Every Picture Tells a Story: Capitalism and COVID Compensation

By Chuck Dinerstein, MD, MBA — Dec 28, 2020
One of the several questions I hear is, "Where is the excess mortality from COVID-19?" Those numbers may be starting to come into view, but let us consider another death from COVID-19, the loss of small businesses.
Image courtesy of 833211 on Pixabay

Trigger Alert – the next paragraphs may contain political thoughts

That COVID-19 has changed the retail, dining, and grocery landscape is undeniable. A casual walk through your Main Streets will show the shuttered. But where did it go? Indeed we have not eaten or bought less. The Brooking Institute presents a visual clue.

“Wherever there is great property, there is great inequality.”

 

The image shows where much of Main Street went in dollars, to bigger businesses, not just Amazon or Walmart. There is much truth in the saying that the biggest enemy of small business is big business.
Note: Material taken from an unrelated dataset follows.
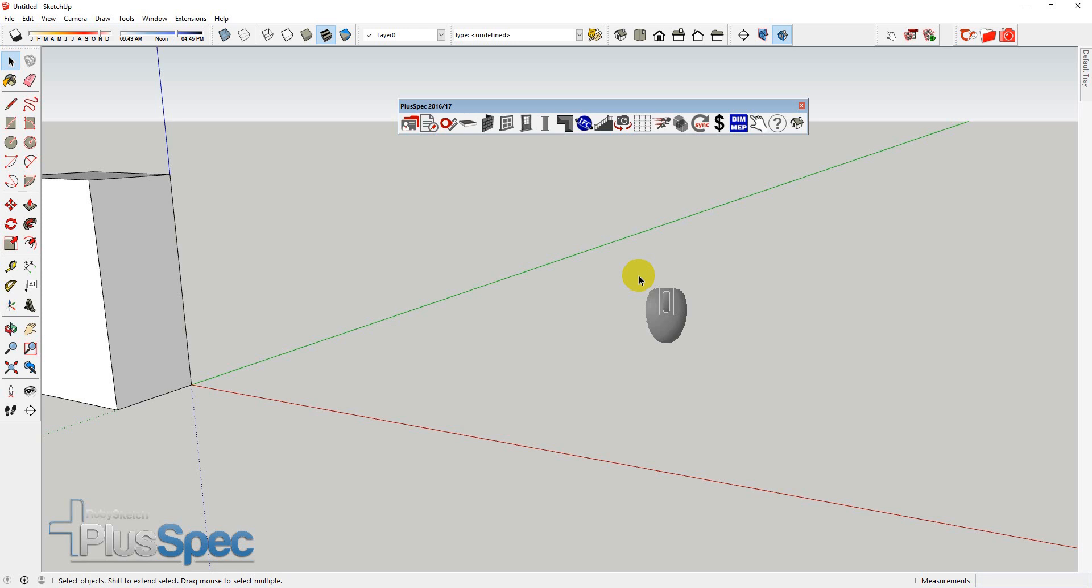Alright, g'day guys, Andrew Dwight here. We're going to talk about PlusSpec and estimating a little bit. Now, I understand that a lot of you use it for design. However, a lot of you also use it to get an estimate from their design.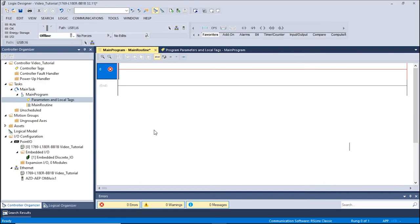The following tutorial is for Allen Bradley PLCs using the Studio 5000 Logix Designer. This video will show how to use the Monitor AOI.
“Our merchants and masters complain much of the bad effects of high wages in raising the price and lessening the sale of goods. They say nothing concerning the bad effects of high profits. They are silent with regard to the pernicious effects of their own gains. They complain only of those of other people.”

The second truth in the image is how those funds moved from the multitude of small businesses that constitute our middle class to these two particular behemoths – far more to the owners than the workers. That is how capitalism works; I have no problem with that division. But some corporate owners were far more generous to their workers than others.
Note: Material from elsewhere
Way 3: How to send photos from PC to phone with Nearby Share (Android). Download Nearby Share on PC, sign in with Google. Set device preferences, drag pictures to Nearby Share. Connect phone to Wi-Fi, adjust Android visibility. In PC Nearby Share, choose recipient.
CVS Health defines its mission as

“Grounded in four pillars — Healthy People, Healthy Business, Healthy Community and Healthy Planet.”
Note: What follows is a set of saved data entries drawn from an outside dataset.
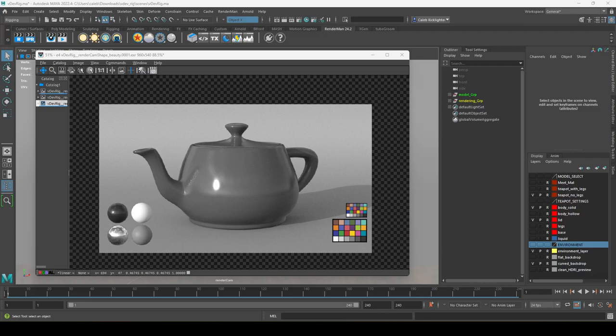In this video, I want to show you how to use the VDevRig that was created for various Viz classes, including the rendering and shading course and Vertical Studio. The purpose of this file, and most look development or VDevRigs, is meant to show off your texturing and surfacing work on an asset you've created.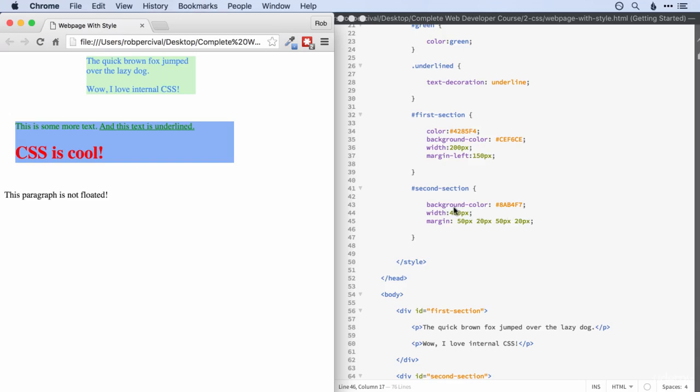We're now going to look at padding, which allows us to do something very similar to margins, but inside an element.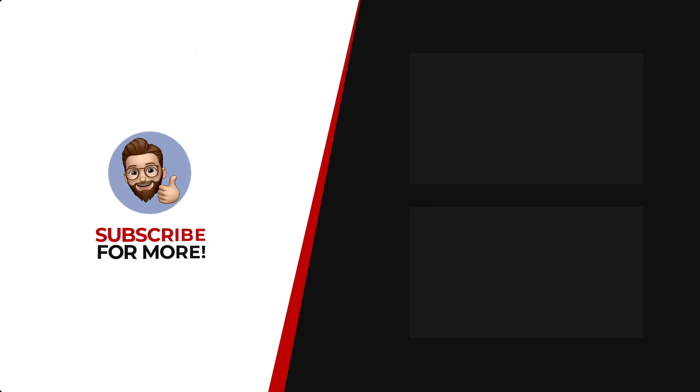Thanks for watching. If you'd like to see more content like this, be sure to check out the channel, and if you like what you see, don't forget to hit that subscribe button.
But by the numbers, healthy people take a backseat to healthy business. Words matter. One of the difficulties with the phrase “defund the police” is the multiplicity of meanings. Does it mean disarm, disband, or simply to move some police “functions” to where people can be better served? I raise this only because the phrase, social justice, might be used in looking at those Amazon and Walmart profits. And like defund the police, social justice is a catchy but ambiguous phrase. Consumers have increased the wealth of some corporations and individuals enormously during the pandemic; those same consumers, when labeled taxpayers, will be asked to help out those small businesses that have been destroyed. So instead of thinking in terms of social justice, ask yourself, is it fair?

“Every man, as long as he does not violate the laws of justice, is left perfectly free to pursue his own interest his own way, and to bring both his industry and capital into competition with those of any other man, or order of men.”

Jeff Bezos and the Walmart family experience “windfall” profits, unintentionally, from the pandemic. The graphs showed that they pursued their interests, sharing little with their workers. They undoubtedly will share less with us; they have the best tax lawyers money can buy. As the vaccinated allow us to re-open our economy with less fear, many small businesses, the collateral damage of the pandemic, will not return. The “windfall” profits of the few would help mend the broken lives of small business owners.

“What improves the circumstances of the greater part can never be regarded as an inconveniency to the whole. No society can surely be flourishing and happy, of which the far greater part of the members are poor and miserable.” 

This quote, along with all the others in bold, is from one of the original capitalists, Adam Smith, in both his Wealth of Nations and lesser-known, but perhaps more critical, Theory of Moral Sentiments. I mention this only because his sentiments are more the sounds of “social justice” than “compassionate conservatism.”